Beating Ann Richards in the 1994 Texas governor's race was the first real sign he wasn't just trading on his father's name. Richards was popular, had mocked him publicly, and was the heavy favorite. He won anyway, running on four focused issues: education, juvenile justice, tort reform, welfare. Re-election in 1998 came with 69% of the vote. The 2000 presidential race ended with the Supreme Court's Bush v. Gore halting the Florida recount, giving him the electoral college 271-266 while he lost the popular vote. That disputed entry set the temperature for everything that came after.
The arc ran from 92% approval after 9/11 down to somewhere near the bottom of modern presidential rankings. Iraq, Katrina, and the 2008 financial collapse happened on his watch. No amount of revisionism fully absorbs all three. What he has quietly managed is a partial image reset in the Trump years, when 'at least he was a normal Republican' became a comparative compliment. YouGov now ranks him among the most popular living Republicans, which would have been unthinkable in 2009. The bar moved. He didn't.

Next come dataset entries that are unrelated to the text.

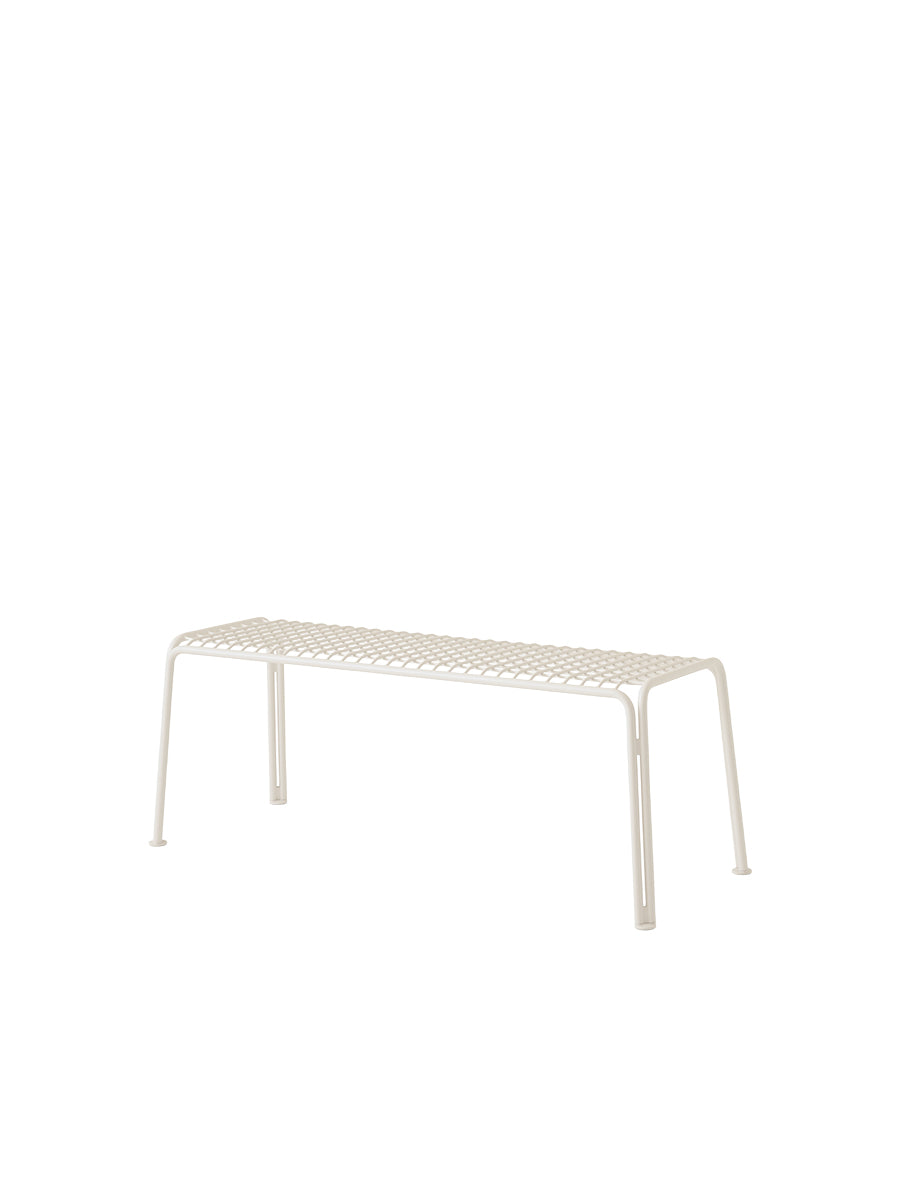 Thorvald SC112 Havebænk fra &Tradition - Ivory - Jacobsen Plus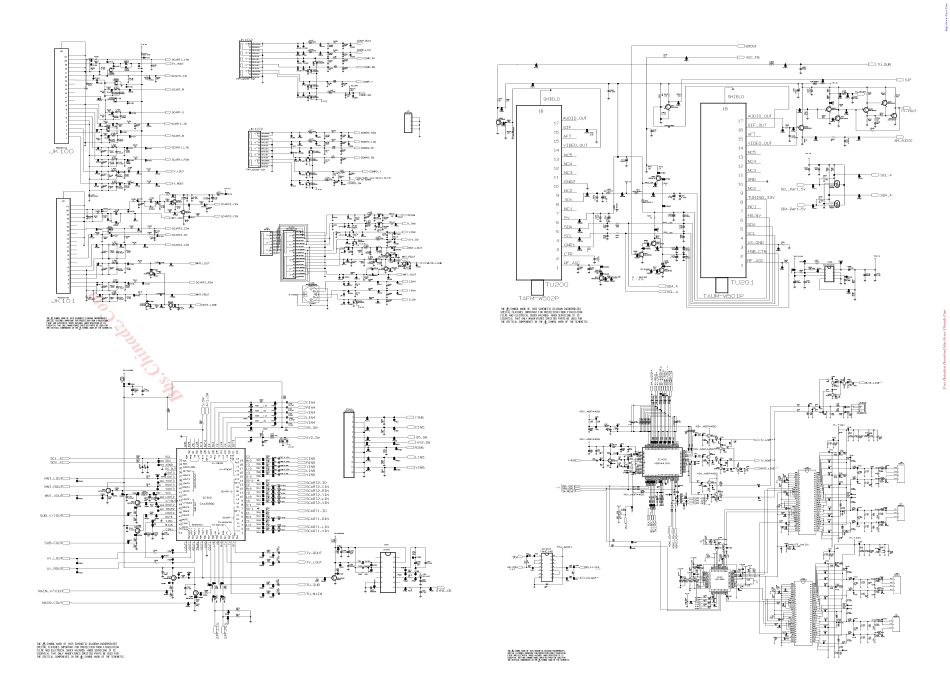 LG 37LC2R彩电原理图和维修手册（英文）_LG 37LC2R彩电图纸.pdf_第3页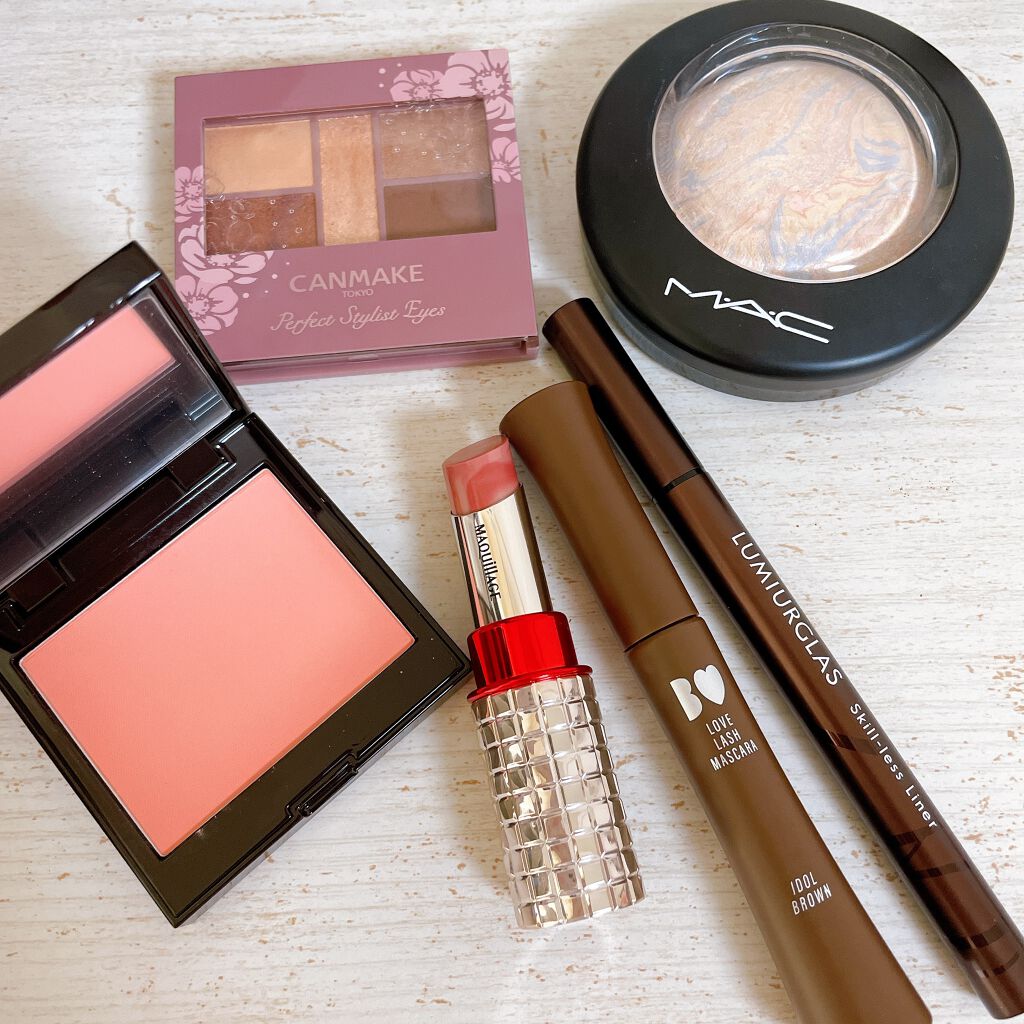 パーフェクトスタイリストアイズ/キャンメイク/アイシャドウパレットを使ったクチコミ(4枚目)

The folksy Texas persona was a Yale degree and a Harvard MBA in a Stetson. Born in New Haven to a family that had been in Republican politics for a generation, he relocated to Texas as a child and spent decades perfecting the brush-clearing rancher image. The painting hobby emerged post-presidency, after reading a Winston Churchill essay on art as pastime, and he took it seriously enough to publish two books of portraits and fill gallery walls. Churchill he is not. But it's a stranger resume than the cowboy act suggested.